Task inputs:
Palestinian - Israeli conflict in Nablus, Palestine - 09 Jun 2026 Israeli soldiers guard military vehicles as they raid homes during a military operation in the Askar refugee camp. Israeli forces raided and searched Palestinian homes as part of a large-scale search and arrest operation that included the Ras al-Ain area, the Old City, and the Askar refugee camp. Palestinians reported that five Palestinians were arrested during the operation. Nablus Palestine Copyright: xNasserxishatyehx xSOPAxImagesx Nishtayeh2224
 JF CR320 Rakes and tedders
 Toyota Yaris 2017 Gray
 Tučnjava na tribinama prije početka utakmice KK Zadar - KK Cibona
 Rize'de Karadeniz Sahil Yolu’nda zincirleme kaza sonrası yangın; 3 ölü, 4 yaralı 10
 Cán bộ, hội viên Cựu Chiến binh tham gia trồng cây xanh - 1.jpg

Work request:
This calls for an exact transcription of every entry above.

Expected answer:
Palestinian - Israeli conflict in Nablus, Palestine - 09 Jun 2026 Israeli soldiers guard military vehicles as they raid homes during a military operation in the Askar refugee camp. Israeli forces raided and searched Palestinian homes as part of a large-scale search and arrest operation that included the Ras al-Ain area, the Old City, and the Askar refugee camp. Palestinians reported that five Palestinians were arrested during the operation. Nablus Palestine Copyright: xNasserxishatyehx xSOPAxImagesx Nishtayeh2224
 JF CR320 Rakes and tedders
 Toyota Yaris 2017 Gray
 Tučnjava na tribinama prije početka utakmice KK Zadar - KK Cibona
 Rize'de Karadeniz Sahil Yolu’nda zincirleme kaza sonrası yangın; 3 ölü, 4 yaralı 10
 Cán bộ, hội viên Cựu Chiến binh tham gia trồng cây xanh - 1.jpg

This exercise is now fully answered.